This configuration leads to a **Cyclic in the Loops** as followings:
- Injection goes by 114-π(100)=89 on Δ11 from 102 to 114-1 or 113
- The 113 is 30th prime where 30, 36 and 102 are laid in the end of rows
- The total of 30+36+102 is exactly 168 which is π(1000)
- The 36th prime which is 151, is reinjected by 151-1 or 150. This 150 is carrying a delta of Δ18 with 168
- The Δ18 brings the 30th and 36th cycled back to 102th thus consequently it goes to the 114th prime
- The 114th prime which is carrying the loop(1000) is reinjected by 619-1 or 618 on the same spot.
This Δ(19 vs 18) scenario will duplicate the loops of 618 as π(89²) of 1000 Primes.
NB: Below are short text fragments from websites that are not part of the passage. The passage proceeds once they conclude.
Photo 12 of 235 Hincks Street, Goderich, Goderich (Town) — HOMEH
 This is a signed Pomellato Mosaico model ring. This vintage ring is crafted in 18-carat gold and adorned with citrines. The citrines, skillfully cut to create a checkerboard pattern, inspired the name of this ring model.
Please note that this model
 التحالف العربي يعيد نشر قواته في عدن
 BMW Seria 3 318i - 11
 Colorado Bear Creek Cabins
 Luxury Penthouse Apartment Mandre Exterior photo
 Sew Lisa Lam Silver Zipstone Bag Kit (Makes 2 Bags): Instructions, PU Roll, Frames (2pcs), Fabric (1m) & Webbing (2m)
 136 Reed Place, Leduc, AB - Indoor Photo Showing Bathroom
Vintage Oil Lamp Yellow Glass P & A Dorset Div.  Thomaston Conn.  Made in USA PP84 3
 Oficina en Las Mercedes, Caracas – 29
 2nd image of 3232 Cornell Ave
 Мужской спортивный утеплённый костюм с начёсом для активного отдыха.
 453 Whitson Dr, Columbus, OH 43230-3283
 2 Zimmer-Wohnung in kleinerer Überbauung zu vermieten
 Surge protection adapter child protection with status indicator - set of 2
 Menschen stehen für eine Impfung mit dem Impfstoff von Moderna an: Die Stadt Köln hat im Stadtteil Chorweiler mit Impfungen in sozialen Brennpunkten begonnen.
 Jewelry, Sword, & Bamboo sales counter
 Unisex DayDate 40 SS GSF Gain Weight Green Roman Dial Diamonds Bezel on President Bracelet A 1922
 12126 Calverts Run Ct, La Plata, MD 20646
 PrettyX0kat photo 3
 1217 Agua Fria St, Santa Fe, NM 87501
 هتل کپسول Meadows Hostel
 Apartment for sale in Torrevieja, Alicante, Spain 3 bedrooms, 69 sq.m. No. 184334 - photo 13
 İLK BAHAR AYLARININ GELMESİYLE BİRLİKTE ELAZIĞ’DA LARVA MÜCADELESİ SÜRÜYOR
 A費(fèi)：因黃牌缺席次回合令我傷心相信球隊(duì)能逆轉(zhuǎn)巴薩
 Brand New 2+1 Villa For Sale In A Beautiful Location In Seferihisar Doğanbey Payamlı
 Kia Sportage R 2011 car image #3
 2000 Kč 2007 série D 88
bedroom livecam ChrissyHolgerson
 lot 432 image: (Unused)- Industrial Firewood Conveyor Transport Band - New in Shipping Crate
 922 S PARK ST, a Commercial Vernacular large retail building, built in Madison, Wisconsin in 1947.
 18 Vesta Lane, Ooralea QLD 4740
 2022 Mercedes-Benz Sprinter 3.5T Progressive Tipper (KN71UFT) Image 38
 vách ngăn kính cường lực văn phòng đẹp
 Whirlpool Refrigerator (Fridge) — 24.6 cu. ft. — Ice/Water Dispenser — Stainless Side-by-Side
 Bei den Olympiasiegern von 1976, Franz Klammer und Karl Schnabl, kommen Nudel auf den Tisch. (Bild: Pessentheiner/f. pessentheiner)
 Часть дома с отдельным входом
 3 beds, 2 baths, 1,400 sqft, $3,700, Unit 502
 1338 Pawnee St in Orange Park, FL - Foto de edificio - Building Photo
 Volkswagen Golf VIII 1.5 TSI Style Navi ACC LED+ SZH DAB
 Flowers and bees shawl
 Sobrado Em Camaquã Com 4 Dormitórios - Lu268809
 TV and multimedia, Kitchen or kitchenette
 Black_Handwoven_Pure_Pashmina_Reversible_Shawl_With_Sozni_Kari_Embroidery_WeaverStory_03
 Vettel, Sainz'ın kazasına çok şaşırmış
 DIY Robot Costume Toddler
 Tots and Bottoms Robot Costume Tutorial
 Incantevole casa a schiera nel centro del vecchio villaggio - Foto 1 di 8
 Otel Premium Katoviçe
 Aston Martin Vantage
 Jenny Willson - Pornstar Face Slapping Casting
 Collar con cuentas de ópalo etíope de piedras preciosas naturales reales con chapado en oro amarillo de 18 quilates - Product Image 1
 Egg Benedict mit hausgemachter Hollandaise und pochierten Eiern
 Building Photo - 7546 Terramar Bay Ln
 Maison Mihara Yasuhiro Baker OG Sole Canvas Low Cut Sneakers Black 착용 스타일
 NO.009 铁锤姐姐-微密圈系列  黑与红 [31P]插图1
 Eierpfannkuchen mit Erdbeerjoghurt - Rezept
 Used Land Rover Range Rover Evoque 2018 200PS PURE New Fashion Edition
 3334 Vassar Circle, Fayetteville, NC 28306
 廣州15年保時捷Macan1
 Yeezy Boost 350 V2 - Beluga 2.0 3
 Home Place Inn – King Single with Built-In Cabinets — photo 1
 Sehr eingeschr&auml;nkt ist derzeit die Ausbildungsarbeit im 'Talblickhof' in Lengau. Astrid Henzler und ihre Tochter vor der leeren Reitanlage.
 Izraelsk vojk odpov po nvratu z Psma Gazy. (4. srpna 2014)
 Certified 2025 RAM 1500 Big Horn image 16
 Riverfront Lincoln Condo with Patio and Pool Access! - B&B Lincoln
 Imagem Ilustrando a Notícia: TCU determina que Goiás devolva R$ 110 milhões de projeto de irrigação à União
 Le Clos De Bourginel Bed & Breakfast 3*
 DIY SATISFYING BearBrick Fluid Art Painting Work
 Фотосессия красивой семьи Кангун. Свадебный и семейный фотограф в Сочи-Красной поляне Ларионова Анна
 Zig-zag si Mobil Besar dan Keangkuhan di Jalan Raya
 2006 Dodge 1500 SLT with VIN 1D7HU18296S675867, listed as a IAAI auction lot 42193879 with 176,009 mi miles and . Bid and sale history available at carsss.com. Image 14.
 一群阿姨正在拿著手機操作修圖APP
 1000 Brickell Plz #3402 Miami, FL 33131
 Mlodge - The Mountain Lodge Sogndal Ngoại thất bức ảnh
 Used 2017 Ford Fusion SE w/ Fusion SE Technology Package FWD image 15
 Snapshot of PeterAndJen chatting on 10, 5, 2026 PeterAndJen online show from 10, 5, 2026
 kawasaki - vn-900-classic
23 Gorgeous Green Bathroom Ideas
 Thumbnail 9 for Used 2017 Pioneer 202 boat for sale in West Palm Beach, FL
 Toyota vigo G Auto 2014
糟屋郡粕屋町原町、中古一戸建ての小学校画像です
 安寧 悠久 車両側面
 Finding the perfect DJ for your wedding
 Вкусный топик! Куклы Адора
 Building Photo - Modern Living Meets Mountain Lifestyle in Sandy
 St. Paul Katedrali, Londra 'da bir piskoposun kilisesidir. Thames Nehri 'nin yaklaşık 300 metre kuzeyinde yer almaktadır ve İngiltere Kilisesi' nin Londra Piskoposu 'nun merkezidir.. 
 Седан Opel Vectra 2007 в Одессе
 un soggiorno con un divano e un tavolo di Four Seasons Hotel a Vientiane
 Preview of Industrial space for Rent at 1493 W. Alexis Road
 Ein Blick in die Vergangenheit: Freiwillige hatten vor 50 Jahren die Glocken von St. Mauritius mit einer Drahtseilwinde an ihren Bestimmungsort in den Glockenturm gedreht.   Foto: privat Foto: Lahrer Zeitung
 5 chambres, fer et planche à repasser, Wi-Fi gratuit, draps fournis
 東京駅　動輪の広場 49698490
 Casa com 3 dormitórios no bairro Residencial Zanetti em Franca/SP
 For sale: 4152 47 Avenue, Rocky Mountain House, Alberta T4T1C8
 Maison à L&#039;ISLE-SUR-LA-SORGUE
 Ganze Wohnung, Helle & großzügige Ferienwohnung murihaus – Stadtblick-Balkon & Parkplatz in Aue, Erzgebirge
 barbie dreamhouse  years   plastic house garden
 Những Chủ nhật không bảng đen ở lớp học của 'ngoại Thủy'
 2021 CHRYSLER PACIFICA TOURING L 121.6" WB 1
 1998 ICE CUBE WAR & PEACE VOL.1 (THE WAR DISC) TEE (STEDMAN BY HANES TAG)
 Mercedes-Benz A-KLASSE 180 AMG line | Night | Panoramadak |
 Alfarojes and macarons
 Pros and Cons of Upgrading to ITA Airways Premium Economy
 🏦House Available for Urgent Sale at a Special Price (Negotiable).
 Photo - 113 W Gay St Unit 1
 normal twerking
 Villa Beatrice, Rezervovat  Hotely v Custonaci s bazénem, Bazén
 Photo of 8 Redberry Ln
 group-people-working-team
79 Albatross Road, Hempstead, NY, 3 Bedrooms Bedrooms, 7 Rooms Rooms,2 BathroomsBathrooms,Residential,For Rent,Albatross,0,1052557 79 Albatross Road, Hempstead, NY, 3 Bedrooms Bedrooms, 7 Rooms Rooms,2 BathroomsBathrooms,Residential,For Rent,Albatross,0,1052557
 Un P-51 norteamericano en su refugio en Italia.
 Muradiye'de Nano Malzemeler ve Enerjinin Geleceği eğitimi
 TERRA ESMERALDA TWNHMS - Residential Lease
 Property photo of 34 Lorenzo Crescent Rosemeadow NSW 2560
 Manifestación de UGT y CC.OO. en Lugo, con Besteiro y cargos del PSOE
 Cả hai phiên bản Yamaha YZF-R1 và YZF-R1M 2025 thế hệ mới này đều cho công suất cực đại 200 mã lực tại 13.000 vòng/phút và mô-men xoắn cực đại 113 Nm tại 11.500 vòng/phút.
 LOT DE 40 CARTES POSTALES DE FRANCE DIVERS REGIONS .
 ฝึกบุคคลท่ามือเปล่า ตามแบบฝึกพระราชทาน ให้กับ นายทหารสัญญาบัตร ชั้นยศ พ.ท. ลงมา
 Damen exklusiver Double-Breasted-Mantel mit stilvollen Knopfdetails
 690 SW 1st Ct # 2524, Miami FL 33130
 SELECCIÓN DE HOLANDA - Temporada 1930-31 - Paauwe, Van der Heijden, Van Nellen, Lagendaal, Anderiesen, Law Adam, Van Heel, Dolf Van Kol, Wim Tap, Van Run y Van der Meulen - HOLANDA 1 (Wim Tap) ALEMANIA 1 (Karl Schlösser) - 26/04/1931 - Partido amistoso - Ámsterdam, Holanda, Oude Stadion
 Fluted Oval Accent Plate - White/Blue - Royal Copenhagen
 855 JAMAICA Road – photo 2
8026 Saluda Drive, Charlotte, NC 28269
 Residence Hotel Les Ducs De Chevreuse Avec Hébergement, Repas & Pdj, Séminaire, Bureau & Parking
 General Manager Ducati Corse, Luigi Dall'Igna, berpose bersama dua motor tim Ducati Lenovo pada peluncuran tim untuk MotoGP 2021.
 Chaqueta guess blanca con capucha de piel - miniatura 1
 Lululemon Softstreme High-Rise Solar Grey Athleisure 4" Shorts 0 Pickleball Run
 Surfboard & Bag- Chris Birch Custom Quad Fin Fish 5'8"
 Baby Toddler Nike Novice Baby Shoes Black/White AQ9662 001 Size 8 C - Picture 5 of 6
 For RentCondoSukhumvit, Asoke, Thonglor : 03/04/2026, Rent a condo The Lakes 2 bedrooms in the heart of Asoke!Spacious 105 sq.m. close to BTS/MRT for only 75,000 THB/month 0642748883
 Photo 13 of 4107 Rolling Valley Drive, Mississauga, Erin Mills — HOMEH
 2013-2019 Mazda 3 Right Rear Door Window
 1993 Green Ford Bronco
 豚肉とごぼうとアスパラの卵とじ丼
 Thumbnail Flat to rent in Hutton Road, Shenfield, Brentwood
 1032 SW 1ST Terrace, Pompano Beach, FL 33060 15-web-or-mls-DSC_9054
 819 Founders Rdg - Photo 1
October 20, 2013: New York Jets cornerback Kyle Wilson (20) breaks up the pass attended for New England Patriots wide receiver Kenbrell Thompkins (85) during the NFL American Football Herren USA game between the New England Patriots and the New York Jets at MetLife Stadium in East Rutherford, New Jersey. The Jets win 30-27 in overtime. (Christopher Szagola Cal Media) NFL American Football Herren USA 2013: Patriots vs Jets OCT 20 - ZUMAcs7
Thus its behaviour will return to 168 Primes of π(1000) out of the adjacent scheme.
So the further process would always continously become the same algorithm.
Within this development we will discuss about the interconnection between 168 and 618. Our pre-release has mapped the primes to π(1000)=168 as the main lexer. So the next target is about 618 as the main parser.
By sourcing and studying of many references, you may agree that the closest behaviour of the crossing on above primes flowing is found with the wave shown on Δ1=(19 vs 18) Loops as below.
This is a polar plot of the first 20 non-trivial Riemann zeta function zeros (including Gram points along the critical line (1/2+iζ) for real values of ζ from 0 to 50. The consecutive zeros have **50 red plot points** between each with zeros identified by magenta concentric rings (scaled to show the relative distance between their values of t) _(Source: [Wikipedia](https://commons.wikimedia.org/wiki/File:RiemannZeta_Zeros.svg))_.
Now let's discuss first if this 50 plots has something to do with the prime algorithms.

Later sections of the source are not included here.